- [EXERCISE INSTRUCTIONS]:
Every record that follows should be printed verbatim.

Short web captions:
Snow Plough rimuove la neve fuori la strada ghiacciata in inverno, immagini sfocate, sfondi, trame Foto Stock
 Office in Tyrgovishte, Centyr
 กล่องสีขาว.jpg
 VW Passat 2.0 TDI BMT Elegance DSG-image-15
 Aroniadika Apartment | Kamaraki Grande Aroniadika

- [THE ANSWER]:
Snow Plough rimuove la neve fuori la strada ghiacciata in inverno, immagini sfocate, sfondi, trame Foto Stock
 Office in Tyrgovishte, Centyr
 กล่องสีขาว.jpg
 VW Passat 2.0 TDI BMT Elegance DSG-image-15
 Aroniadika Apartment | Kamaraki Grande Aroniadika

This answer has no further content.